Stored data:
BEGIN

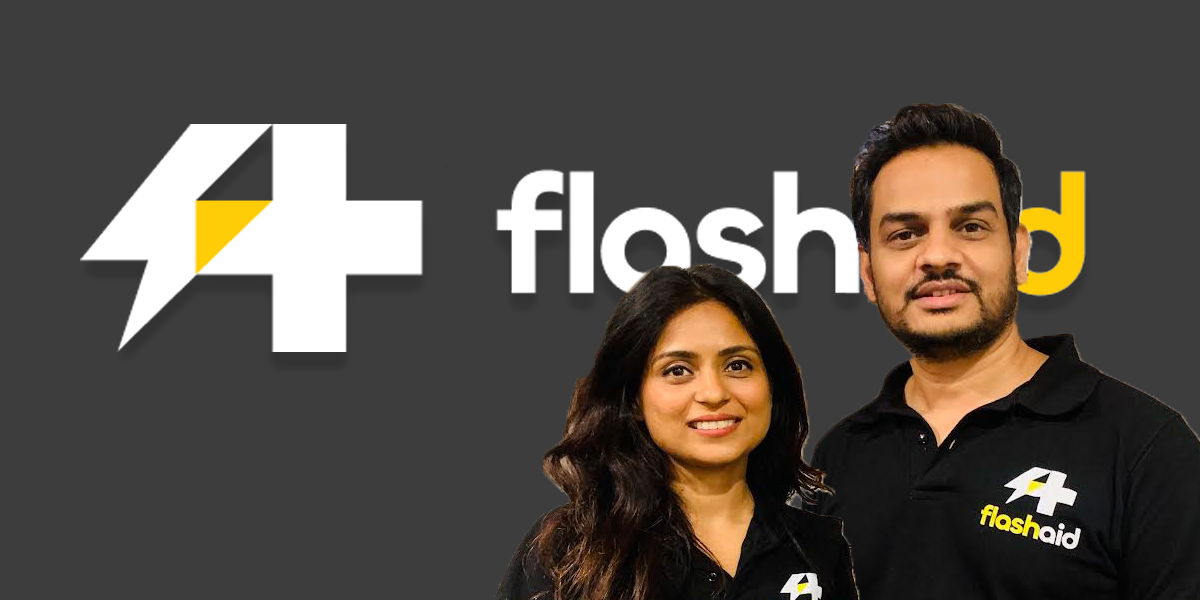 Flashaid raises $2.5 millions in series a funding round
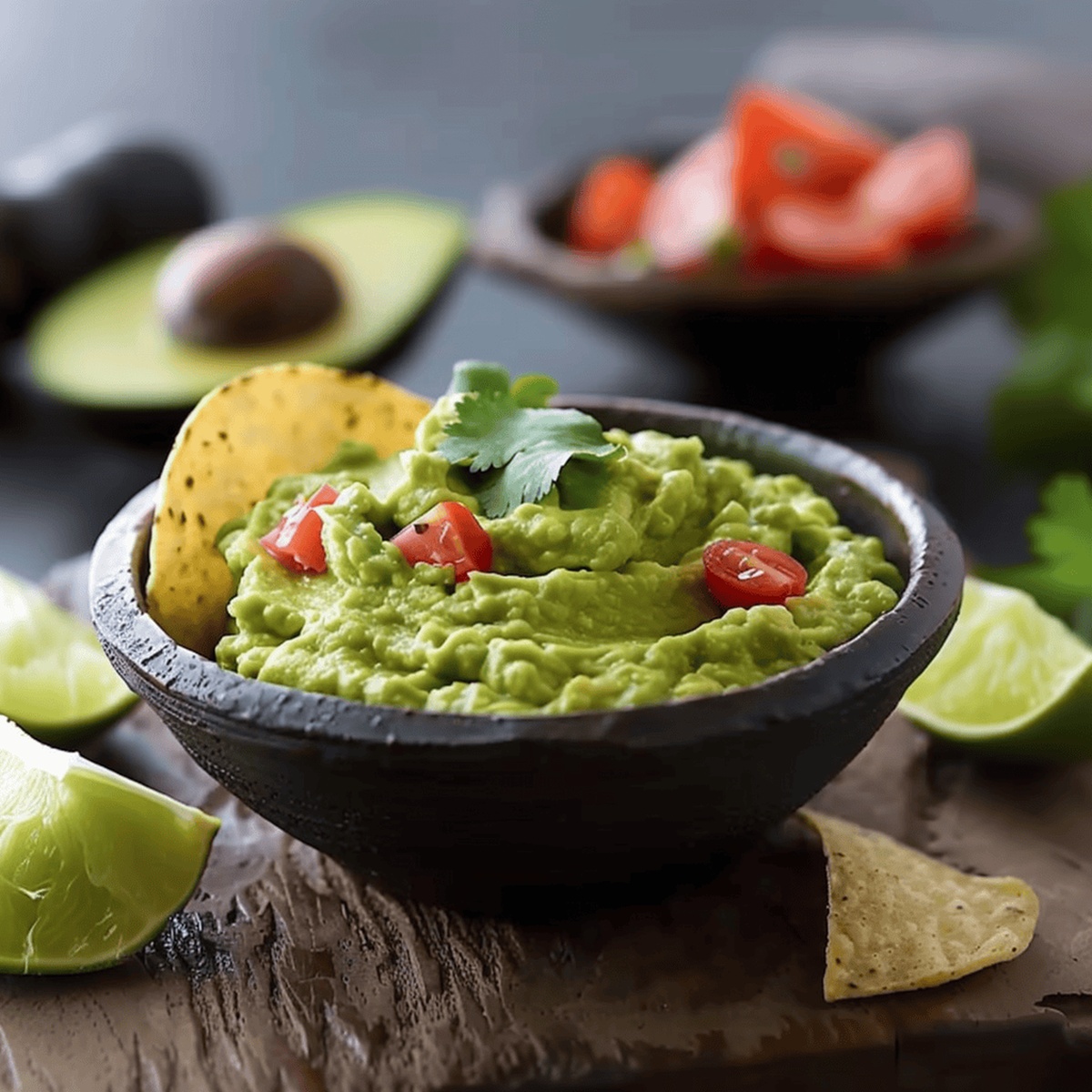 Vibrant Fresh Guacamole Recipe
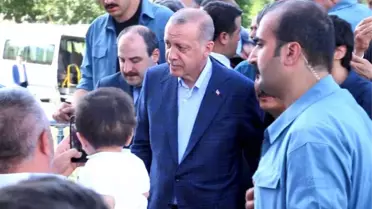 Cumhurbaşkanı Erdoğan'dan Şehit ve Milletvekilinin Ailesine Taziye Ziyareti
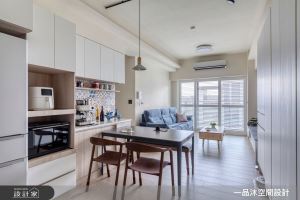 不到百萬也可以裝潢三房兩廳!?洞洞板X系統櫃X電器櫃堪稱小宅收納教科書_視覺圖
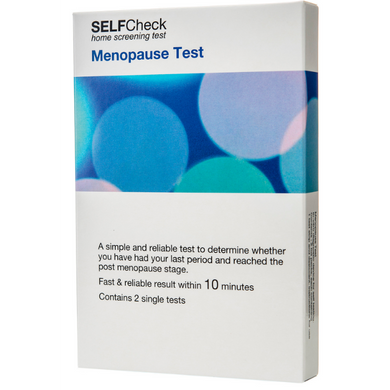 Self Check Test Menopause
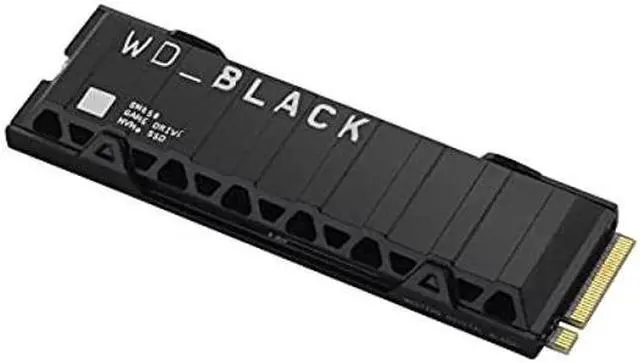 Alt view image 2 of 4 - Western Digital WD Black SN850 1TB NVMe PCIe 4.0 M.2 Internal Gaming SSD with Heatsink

END

=== TASK INSTRUCTIONS ===
Give an exact copy of the line containing "Self Check Test Menopause" and every line after it through the end of the entries. Pictures are to be dropped.

=== EXERCISE RESULT ===
 Self Check Test Menopause
 Alt view image 2 of 4 - Western Digital WD Black SN850 1TB NVMe PCIe 4.0 M.2 Internal Gaming SSD with Heatsink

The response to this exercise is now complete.